- SUPPLIED MATERIAL
^^^^^^^^^^^^^^^^

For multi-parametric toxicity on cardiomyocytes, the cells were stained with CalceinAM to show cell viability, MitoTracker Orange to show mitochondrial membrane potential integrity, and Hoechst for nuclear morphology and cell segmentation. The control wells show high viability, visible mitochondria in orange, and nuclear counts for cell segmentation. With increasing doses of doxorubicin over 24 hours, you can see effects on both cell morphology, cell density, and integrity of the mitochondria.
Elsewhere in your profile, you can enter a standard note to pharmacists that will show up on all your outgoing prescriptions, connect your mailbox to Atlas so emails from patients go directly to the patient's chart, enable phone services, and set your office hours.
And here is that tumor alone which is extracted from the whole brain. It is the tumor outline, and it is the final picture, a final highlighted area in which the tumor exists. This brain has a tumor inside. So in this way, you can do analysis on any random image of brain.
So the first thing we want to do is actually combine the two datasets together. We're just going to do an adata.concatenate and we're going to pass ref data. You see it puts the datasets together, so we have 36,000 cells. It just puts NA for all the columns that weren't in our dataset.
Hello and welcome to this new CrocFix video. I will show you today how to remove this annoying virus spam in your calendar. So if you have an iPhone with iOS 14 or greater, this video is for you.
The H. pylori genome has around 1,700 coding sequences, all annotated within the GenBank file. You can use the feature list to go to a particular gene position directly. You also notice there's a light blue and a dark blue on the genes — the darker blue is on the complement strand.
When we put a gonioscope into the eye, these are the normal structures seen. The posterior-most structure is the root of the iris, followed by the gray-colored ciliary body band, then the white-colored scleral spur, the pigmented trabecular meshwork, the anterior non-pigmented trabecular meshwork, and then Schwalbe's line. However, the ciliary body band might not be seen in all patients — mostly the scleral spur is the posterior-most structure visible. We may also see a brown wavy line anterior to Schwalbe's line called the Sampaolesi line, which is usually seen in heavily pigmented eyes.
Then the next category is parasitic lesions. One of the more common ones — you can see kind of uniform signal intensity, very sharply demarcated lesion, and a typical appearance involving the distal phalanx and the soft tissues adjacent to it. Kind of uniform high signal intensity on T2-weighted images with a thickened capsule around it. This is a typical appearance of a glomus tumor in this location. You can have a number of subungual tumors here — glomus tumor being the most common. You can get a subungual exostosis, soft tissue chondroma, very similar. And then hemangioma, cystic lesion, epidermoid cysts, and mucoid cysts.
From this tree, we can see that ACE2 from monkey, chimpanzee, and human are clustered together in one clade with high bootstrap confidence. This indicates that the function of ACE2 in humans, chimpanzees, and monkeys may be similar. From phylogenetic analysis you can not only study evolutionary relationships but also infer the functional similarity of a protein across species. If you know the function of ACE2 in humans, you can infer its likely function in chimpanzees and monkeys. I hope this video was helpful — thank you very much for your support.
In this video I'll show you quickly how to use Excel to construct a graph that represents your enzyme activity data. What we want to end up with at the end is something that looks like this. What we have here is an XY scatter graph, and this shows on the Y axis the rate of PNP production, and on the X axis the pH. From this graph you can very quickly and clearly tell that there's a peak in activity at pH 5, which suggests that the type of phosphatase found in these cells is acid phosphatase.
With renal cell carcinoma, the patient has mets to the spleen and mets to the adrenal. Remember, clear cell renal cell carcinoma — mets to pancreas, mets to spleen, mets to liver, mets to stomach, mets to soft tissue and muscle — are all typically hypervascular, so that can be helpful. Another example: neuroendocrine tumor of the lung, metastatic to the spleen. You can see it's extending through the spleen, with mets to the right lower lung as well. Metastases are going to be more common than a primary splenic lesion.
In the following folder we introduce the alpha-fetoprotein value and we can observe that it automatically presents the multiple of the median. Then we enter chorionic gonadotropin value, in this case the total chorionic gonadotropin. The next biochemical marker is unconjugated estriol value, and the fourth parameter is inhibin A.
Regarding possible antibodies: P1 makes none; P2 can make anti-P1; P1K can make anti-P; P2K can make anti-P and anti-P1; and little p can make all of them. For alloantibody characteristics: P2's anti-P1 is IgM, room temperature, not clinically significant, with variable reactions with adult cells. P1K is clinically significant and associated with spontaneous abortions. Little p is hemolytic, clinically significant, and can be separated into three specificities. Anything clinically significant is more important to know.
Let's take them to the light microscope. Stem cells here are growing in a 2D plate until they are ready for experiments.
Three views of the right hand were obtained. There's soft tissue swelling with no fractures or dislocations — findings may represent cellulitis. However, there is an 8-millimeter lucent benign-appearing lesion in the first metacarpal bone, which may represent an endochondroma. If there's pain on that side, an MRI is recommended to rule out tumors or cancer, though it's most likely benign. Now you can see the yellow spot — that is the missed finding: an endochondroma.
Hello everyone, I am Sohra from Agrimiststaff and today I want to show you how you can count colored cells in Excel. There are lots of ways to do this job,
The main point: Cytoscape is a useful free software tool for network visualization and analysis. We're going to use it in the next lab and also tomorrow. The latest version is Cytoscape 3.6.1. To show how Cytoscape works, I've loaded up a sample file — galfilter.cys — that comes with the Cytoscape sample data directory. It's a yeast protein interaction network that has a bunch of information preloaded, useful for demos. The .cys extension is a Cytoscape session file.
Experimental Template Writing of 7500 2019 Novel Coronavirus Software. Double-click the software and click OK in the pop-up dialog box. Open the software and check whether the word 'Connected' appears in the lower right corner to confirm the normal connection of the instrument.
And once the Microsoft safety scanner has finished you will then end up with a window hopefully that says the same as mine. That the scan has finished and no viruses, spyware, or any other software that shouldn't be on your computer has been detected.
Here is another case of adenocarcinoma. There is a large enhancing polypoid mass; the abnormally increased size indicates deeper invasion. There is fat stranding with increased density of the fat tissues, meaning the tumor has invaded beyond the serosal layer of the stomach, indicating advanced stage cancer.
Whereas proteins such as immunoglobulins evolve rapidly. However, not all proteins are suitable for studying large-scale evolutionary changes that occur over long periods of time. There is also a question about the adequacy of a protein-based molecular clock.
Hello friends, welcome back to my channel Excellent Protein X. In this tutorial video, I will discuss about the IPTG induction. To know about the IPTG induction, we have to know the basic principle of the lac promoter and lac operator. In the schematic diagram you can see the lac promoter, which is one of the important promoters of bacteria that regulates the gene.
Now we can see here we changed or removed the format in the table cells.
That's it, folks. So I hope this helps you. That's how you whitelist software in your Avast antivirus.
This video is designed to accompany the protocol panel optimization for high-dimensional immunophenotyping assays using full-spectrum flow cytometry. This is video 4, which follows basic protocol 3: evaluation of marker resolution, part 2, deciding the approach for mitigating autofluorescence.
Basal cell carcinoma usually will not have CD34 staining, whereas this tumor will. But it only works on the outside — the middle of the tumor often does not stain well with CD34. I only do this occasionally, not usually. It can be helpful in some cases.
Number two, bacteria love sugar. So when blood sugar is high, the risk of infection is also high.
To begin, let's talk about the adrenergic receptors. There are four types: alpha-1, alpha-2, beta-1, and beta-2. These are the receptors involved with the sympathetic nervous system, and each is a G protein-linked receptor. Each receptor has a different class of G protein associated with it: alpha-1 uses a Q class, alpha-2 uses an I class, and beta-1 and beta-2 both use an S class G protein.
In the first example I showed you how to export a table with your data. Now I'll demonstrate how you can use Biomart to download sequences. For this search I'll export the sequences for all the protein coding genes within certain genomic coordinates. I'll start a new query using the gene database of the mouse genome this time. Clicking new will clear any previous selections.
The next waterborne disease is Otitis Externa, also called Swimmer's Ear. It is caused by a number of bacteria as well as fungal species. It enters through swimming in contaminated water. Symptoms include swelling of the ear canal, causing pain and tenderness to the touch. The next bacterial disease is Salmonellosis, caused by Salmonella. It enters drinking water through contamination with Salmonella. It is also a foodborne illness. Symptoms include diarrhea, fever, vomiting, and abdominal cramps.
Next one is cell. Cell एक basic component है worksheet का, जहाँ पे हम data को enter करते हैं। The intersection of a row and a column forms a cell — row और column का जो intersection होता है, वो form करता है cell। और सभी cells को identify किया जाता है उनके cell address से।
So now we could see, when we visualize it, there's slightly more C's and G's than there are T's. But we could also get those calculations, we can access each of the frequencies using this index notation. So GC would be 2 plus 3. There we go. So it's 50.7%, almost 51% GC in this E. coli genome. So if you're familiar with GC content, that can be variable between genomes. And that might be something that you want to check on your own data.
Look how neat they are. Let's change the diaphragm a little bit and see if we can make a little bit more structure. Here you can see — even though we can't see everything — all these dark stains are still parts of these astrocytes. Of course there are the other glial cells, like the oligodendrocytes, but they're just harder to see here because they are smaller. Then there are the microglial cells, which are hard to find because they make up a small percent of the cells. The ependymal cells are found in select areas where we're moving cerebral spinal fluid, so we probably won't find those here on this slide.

^^^^^^^^^^^^^^^^

Which lines should be output? Exactly those from the first line of the data through the line containing "The H. pylori", inclusive.

- EXPECTED ANSWER
For multi-parametric toxicity on cardiomyocytes, the cells were stained with CalceinAM to show cell viability, MitoTracker Orange to show mitochondrial membrane potential integrity, and Hoechst for nuclear morphology and cell segmentation. The control wells show high viability, visible mitochondria in orange, and nuclear counts for cell segmentation. With increasing doses of doxorubicin over 24 hours, you can see effects on both cell morphology, cell density, and integrity of the mitochondria.
Elsewhere in your profile, you can enter a standard note to pharmacists that will show up on all your outgoing prescriptions, connect your mailbox to Atlas so emails from patients go directly to the patient's chart, enable phone services, and set your office hours.
And here is that tumor alone which is extracted from the whole brain. It is the tumor outline, and it is the final picture, a final highlighted area in which the tumor exists. This brain has a tumor inside. So in this way, you can do analysis on any random image of brain.
So the first thing we want to do is actually combine the two datasets together. We're just going to do an adata.concatenate and we're going to pass ref data. You see it puts the datasets together, so we have 36,000 cells. It just puts NA for all the columns that weren't in our dataset.
Hello and welcome to this new CrocFix video. I will show you today how to remove this annoying virus spam in your calendar. So if you have an iPhone with iOS 14 or greater, this video is for you.
The H. pylori genome has around 1,700 coding sequences, all annotated within the GenBank file. You can use the feature list to go to a particular gene position directly. You also notice there's a light blue and a dark blue on the genes — the darker blue is on the complement strand.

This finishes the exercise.